Bio: Philippe Swartvagher is currently finishing his PhD at Inria Bordeaux, on interactions between task-based runtime systems and communication libraries. His main research interests are runtime systems, distributed applications and tracing systems.

IO-SETS : Simple and efficient approaches for I/O bandwidth management

Abstract: One of the main performance issues faced by high-performance computing platforms is the congestion caused by concurrent I/O from applications. When this happens, the platform’s overall performance and utilization are harmed. From the extensive work in this field, I/O scheduling is the essential solution to this problem. The main drawback of current techniques is the amount of information needed about applications, which compromises their applicability.

In this talk, we present a novel method for I/O management, called IO-SETS. We present its potential through a scheduling heuristic called SET-10, which is simple and requires only minimum information. Through an extensive experimental campaign, we show the importance of IO-SETS and the robustness of SET -10 under various workloads and provide insights on using our proposal in practice.

Bio: Luan Teylo has PhD in Computer Science from the Universidade Federal Fluminense (2021). He is currently a postdoctoral fellow in the TADaaM team at Inria Bordeaux, where he works on I/O scheduling in high-performance environments. His research interests include distributed computing, meta-heuristics, distributed systems, storage systems and HPC.

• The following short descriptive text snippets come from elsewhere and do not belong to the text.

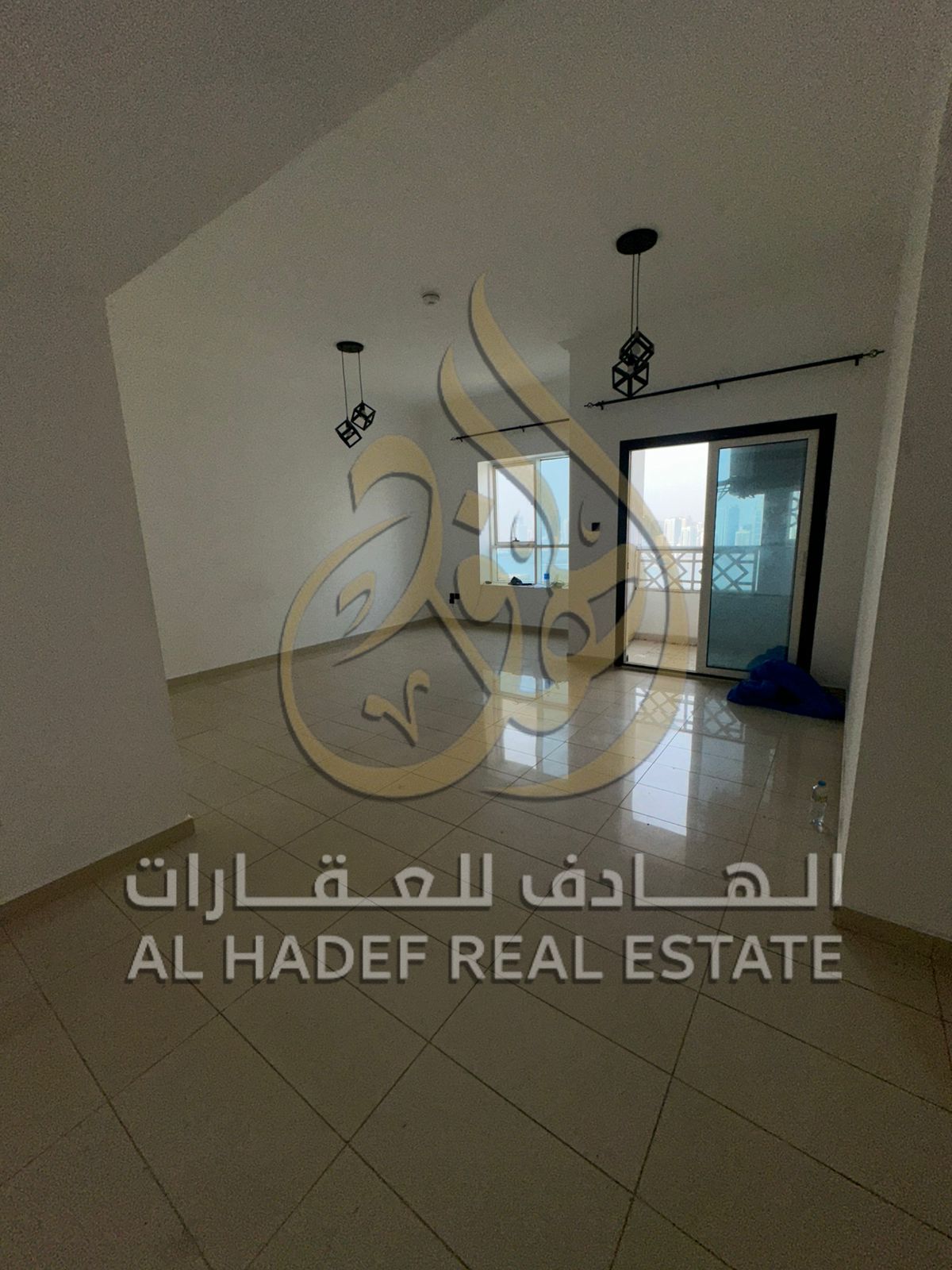 Al Majaz 3 - Fully Smart Home Apartment - Two bedrooms and a master living room with direct sea view - Free parking - Free gym and swimming pool - Con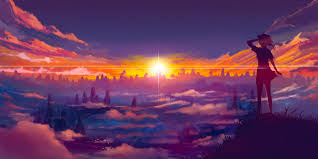 Hd Wallpapers For Desktop Mobiles Tablets In High Definition Widescreen 4k Ultra Hd 5k 1920x1080 F Anime Scenery Scenery Wallpaper Anime Scenery Wallpaper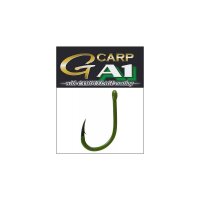 Gamakatsu G-Carp A-1 Specialist Camouflage Green Gr. 2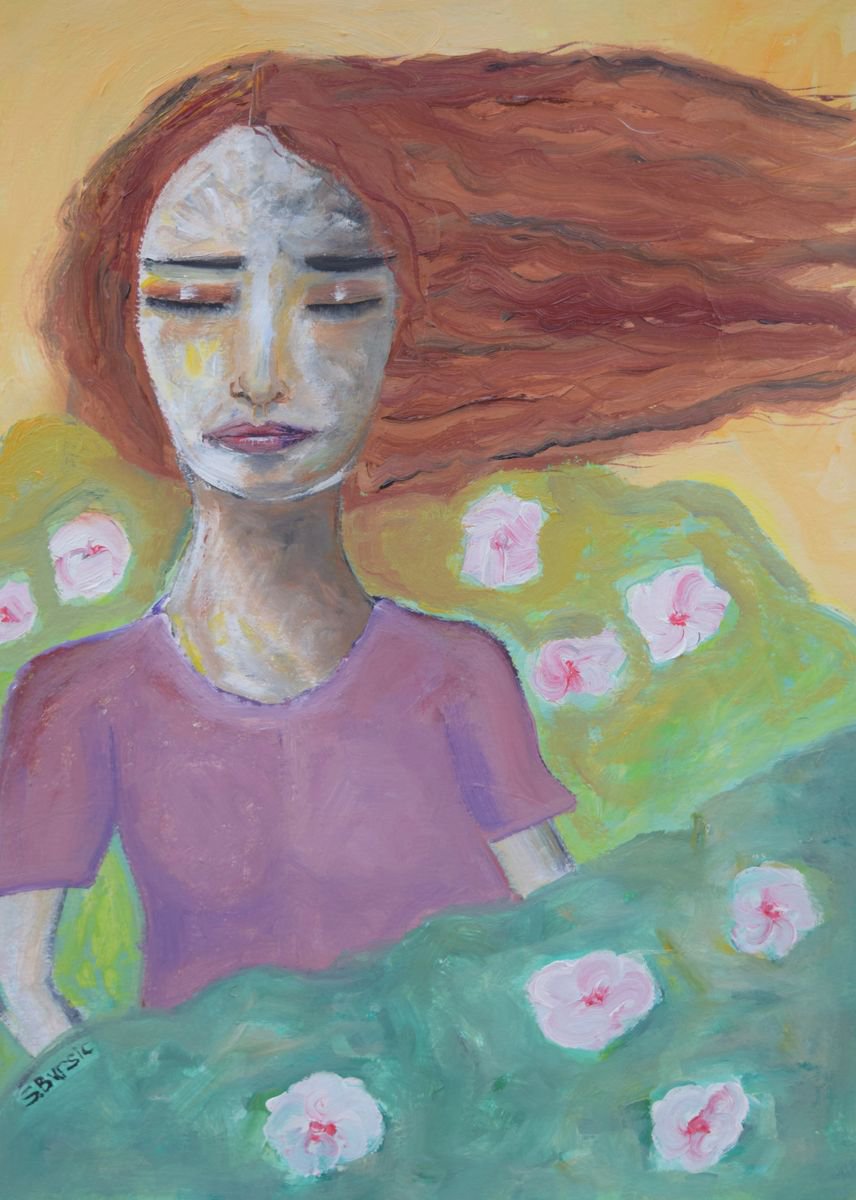 Free as the Wind by Sharyn Bursic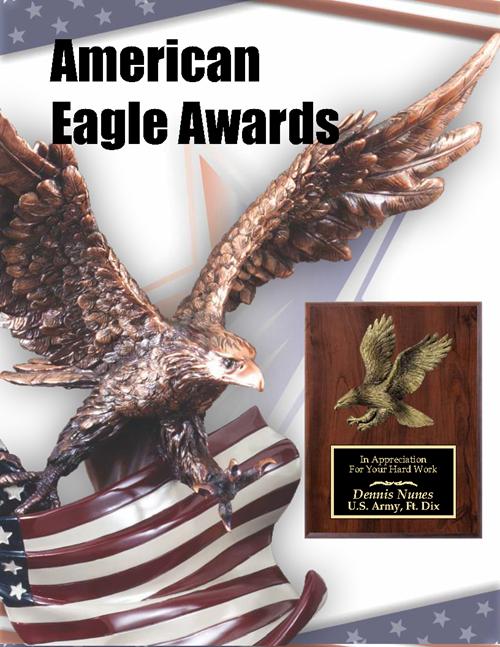 eagle award products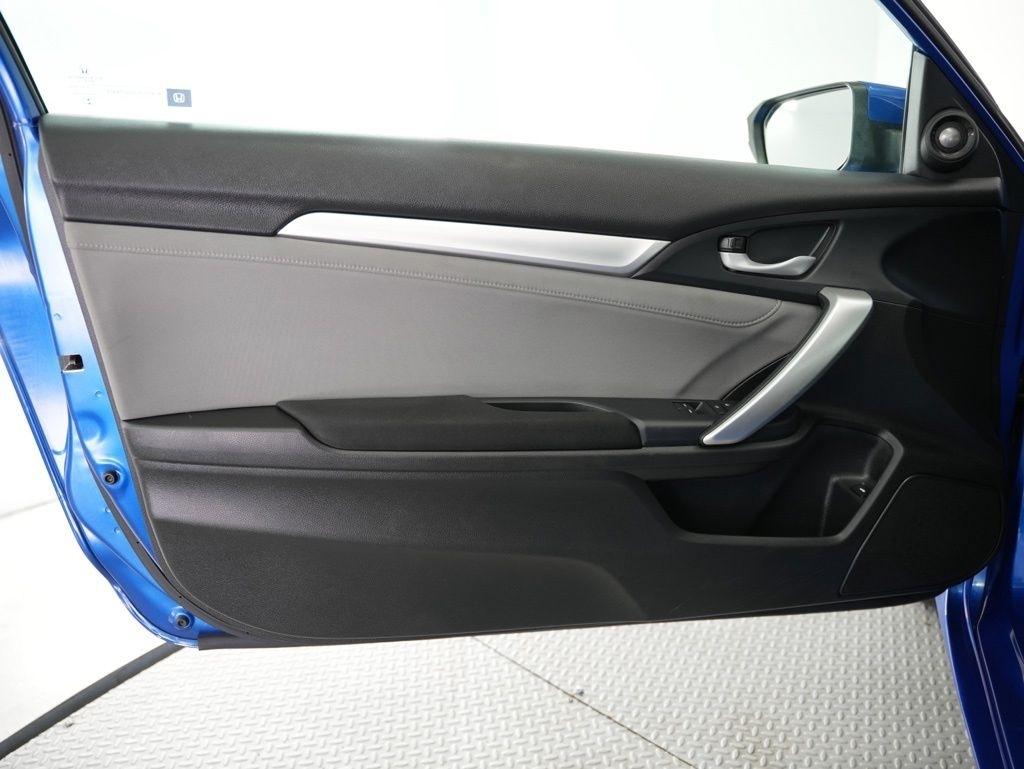 Honda Civic Coupe EX-T CVT 2017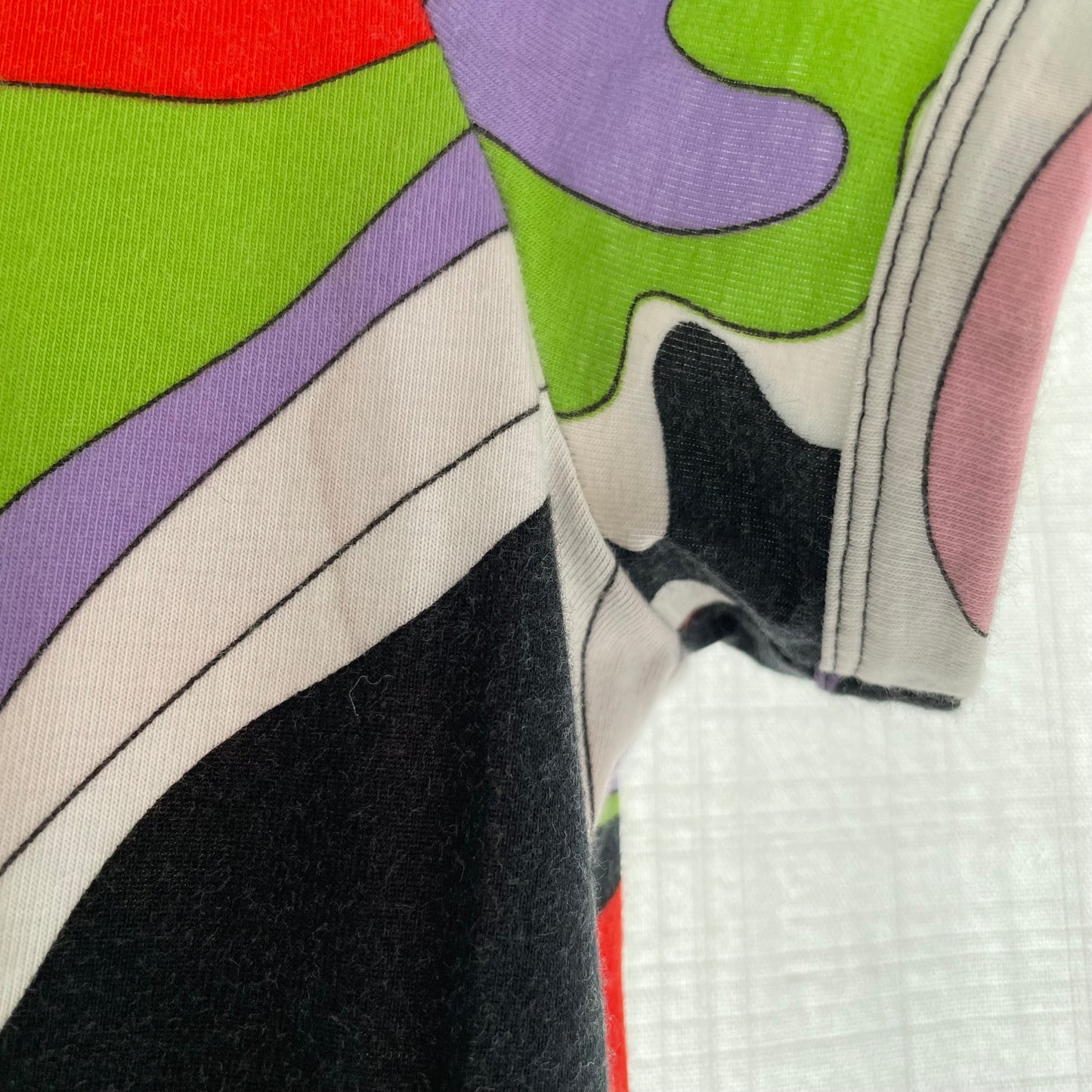 Emilio Pucci mini dress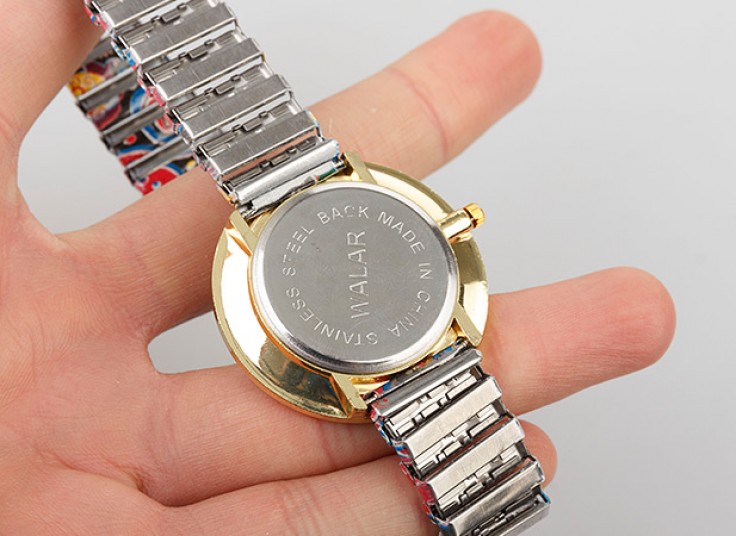 ساعت بند کشی WALAR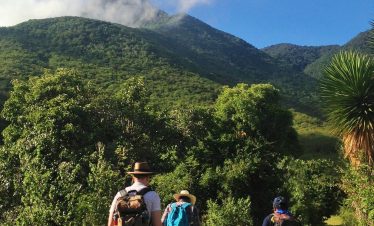 Quialana Peak of the Sun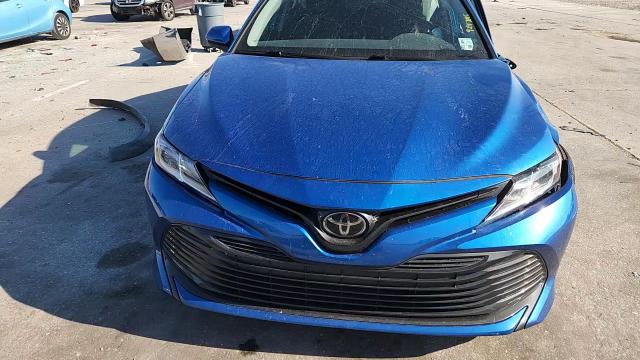 2020 Toyota Camry Le VIN: 4T1C11AK0LU383642 Lot: 92947015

Open discussions for scheduling the I/O forwarding layer

Abstract: The periodic nature of I/O places enormous stress on HPC infrastructures. To alleviate the load on the file system an intermediate hardware layer can be implemented: the I/O forwarding layer. This layer consists of I/O nodes that intercept all I/O requests and do software optimization such as request reordering or request scheduling. Unlike other resources such as memory, CPU, compute nodes, I/O nodes is not a resource that is often arbitrated. However, I/O can have a heavy impact on applications, and I/O needs can be not correlated at all with processing needs so it is important to arbitrate access to the i/o nodes.

Our goal in this research is to determine efficient heuristics for sharing I/O nodes between applications and to determine minimal a priori knowledge needed on applications. Based on well-known periodic and bursty behavior of HPC I/O, the sharing between I/O nodes is possible with a limited number of I/O collision. It would also allow us to know the ideal size of the I/O forwarding layer according to the I/O load of the system. This work is still an ongoing work.

Bio: Alexis Bandet is a PhD Candidate at Inria Bordeaux.